**Work item**
Your reply should consist solely of the lines from the one containing "Britain s Simon" through the end of the data, restated word for word.

**Provided material**
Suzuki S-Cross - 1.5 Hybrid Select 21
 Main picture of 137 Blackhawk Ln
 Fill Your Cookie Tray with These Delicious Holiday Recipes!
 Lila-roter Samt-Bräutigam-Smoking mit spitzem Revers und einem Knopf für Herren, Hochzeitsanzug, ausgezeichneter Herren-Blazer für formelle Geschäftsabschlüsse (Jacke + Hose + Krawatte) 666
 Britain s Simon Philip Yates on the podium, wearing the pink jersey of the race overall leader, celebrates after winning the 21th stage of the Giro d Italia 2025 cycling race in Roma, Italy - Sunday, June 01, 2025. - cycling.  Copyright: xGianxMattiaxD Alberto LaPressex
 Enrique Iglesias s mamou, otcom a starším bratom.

**Task result**
 Britain s Simon Philip Yates on the podium, wearing the pink jersey of the race overall leader, celebrates after winning the 21th stage of the Giro d Italia 2025 cycling race in Roma, Italy - Sunday, June 01, 2025. - cycling.  Copyright: xGianxMattiaxD Alberto LaPressex
 Enrique Iglesias s mamou, otcom a starším bratom.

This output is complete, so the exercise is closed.